CAPE TOWN - A coordinated response to South Africa’s economic woes was tackled in Finance Minister Malusi Gigaba's maiden Budget Speech, where he detailed how the 14 point plan will be achieved.
According to Gigaba, the fiscal framework has improved markedly since the October medium term budget speech.
"That opportunity comes from a stronger rand and favourable inflation outlook. That opportunity comes from the strong partnership which has been forged between all the social partners to prevent further ratings downgrades, and remove obstacles to investment, growth and job creation. That opportunity comes from improving confidence, as business and consumers have responded positively to political developments over the last three months, and are anticipating progressive, ethical and decisive leadership from government", said Gigaba.
He noted that at the time of the MTBPS, government debt was on an unsustainable path.
This was further weighed down with the announcement of free higher education, announced under the former leadership this year.
On an optimistic note, he said that new tax measures will raise an additional R36 billion in 2018/19 " mainly through a higher VAT rate and below-inflation adjustments to personal income tax brackets".

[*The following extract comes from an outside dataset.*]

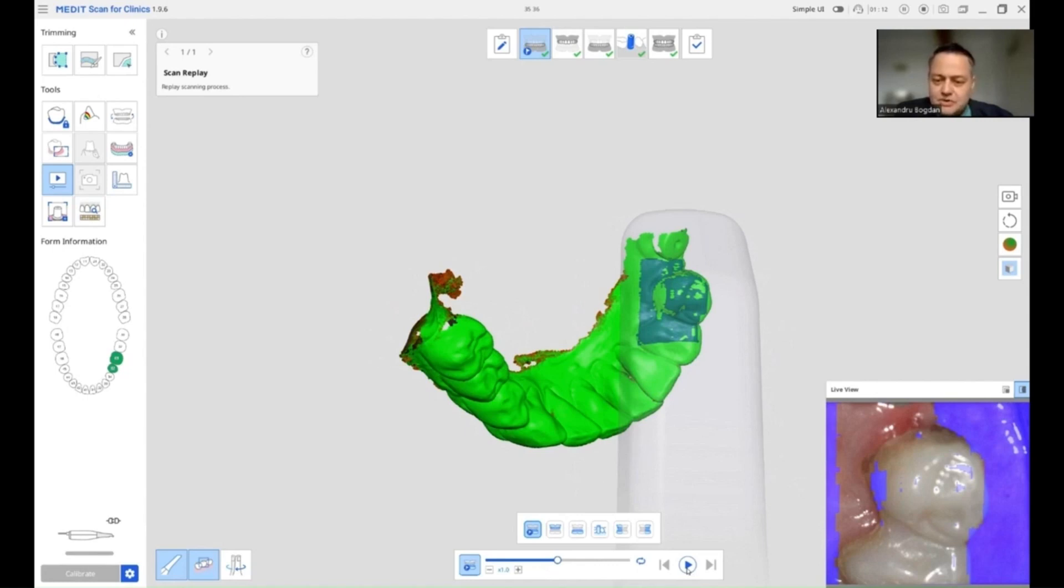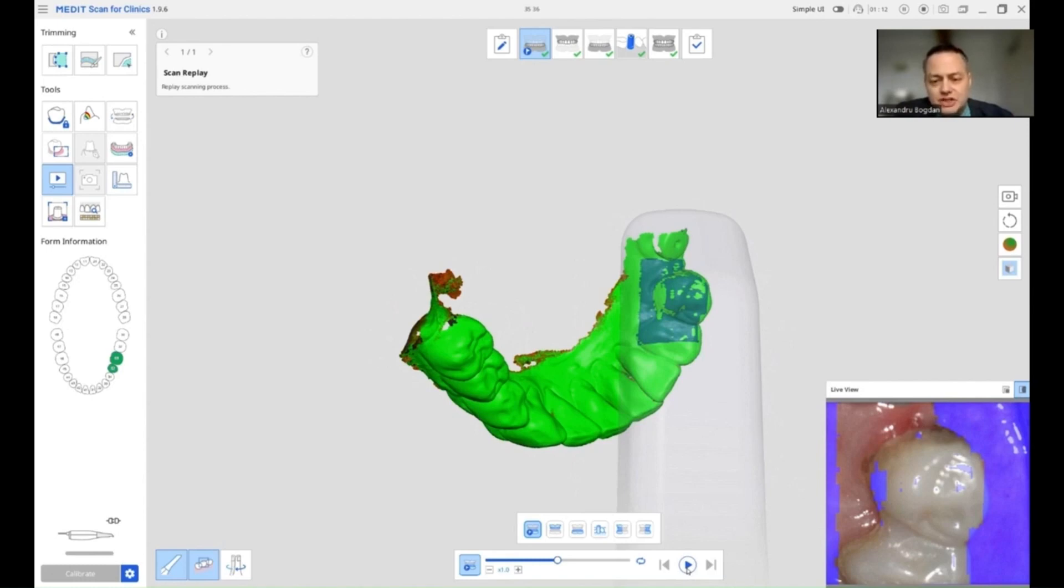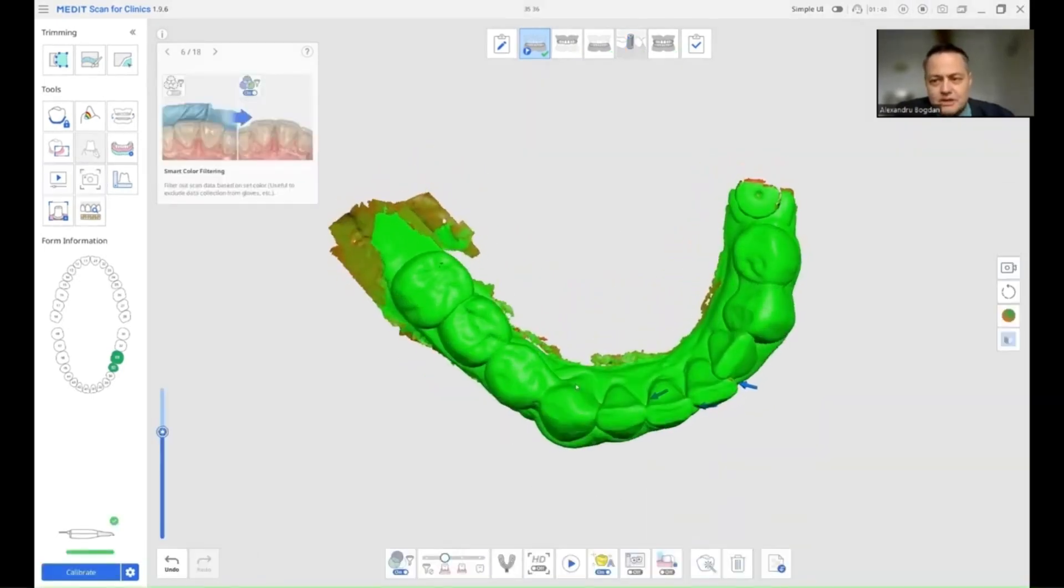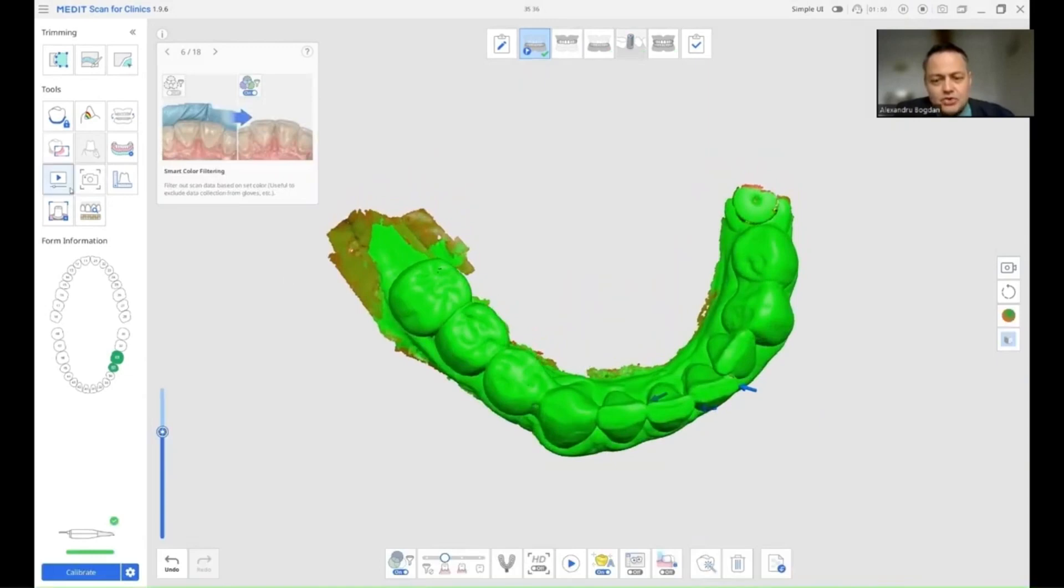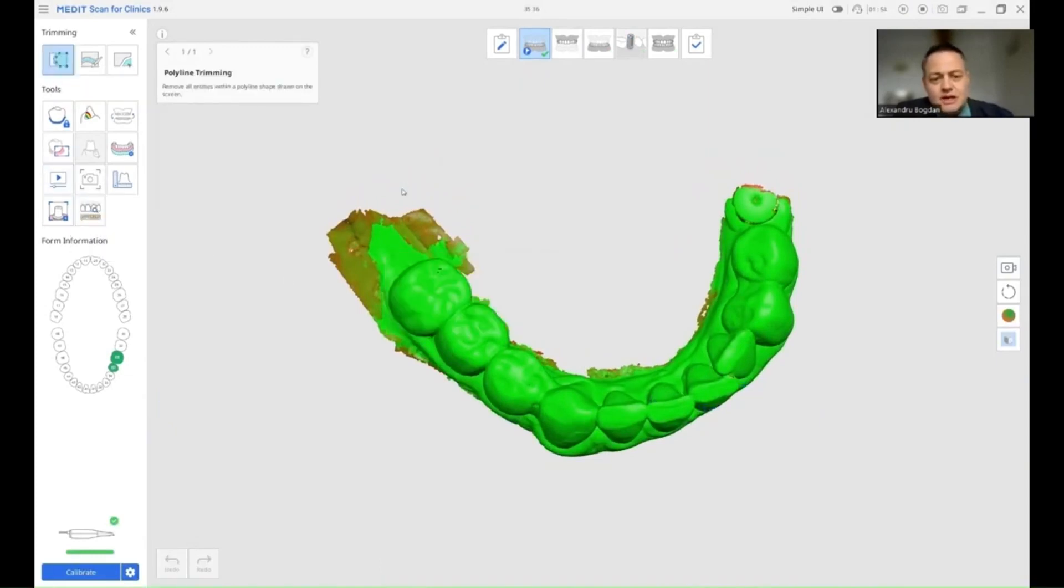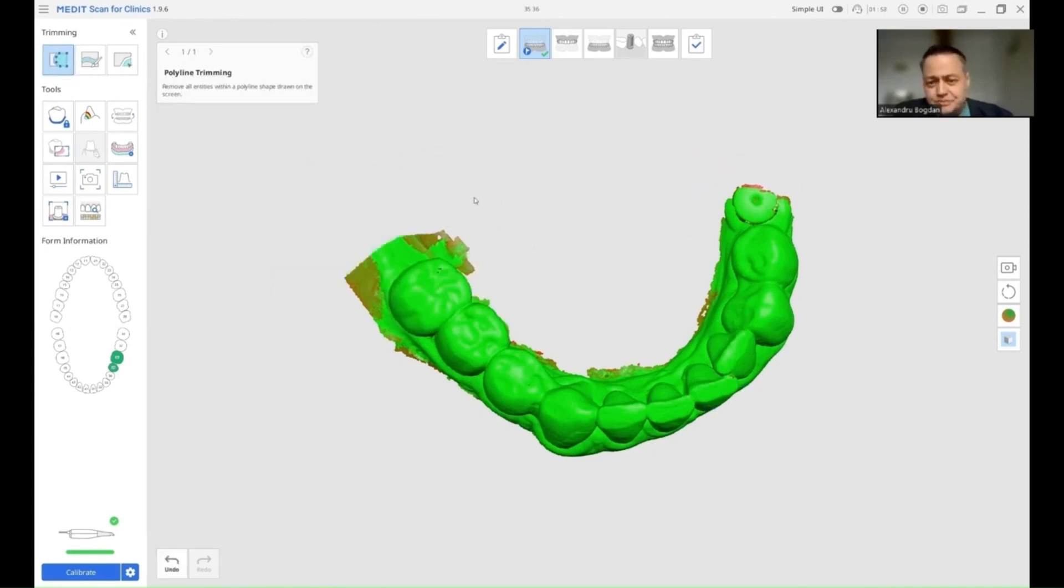As you can see, I am completing the last pieces of the scan and I am going to stop here. I am not going to take an impression of the healing abutments yet. I am going to check my scan and trim any unnecessary data as you can see in the next image.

He also noted revisions over the next three years to government's spending framework.
- Expenditure reductions approved by Cabinet amounting to R85 billion.
- An allocation of R57 billion for fee-free higher education and training.
- Additions to the contingency reserve amounting to R10 billion.
Gigaba said that public procurement is worth hundreds of billions of rands annually and it is critical to change the production and ownership patterns to empower black people, women and the youth.
Following amendments to the Preferential Procurement Regulations became effective in April 2017, Gigaba said that the Public Procurement Bill will be submitted to Cabinet in March 2018 for gazetting for public comments.
State Owned Companies
Gigaba reassured that government will ensure that state owned companies are run sustainably and contributes to national development.
"Government recognizes that the business models of some SOCs are unsustainable, and their capital structures too reliant on debt. To confront these issues, we will assist them to develop and implement robust turnaround plans.This needs to be part of a holistic reform programme which considers the role we want SOCs to play in our economic development. Some will require restructuring with equity investment", said Gigaba.
Meanwhile, Gigaba in July last year stated his vision for the inclusive 14 point plan to grow the economy.
Gigaba told journalists in Johannesburg that althrough the action plan the government was demonstrating that it was taking steps to grow the economy.
"I am confident that we can achieve higher growth as a platform to achieving a 3 % growth that can go up 6 %,” he said, adding that the plan would help address the triple challenges of poverty, unemployment and inequality".